- **What this task involves**: Each line in these records that contains "Blue" counts once. Give the number only.

Collected data:
=====

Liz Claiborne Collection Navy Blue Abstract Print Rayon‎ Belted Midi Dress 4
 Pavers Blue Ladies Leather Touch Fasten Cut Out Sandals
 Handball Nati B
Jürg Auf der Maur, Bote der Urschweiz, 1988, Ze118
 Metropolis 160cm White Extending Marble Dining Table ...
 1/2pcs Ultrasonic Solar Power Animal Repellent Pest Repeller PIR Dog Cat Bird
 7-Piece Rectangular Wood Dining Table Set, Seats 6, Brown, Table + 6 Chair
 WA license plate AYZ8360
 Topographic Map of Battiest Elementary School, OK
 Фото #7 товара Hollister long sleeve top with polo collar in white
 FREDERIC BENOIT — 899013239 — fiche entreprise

=====

- **Solution to this task**: 2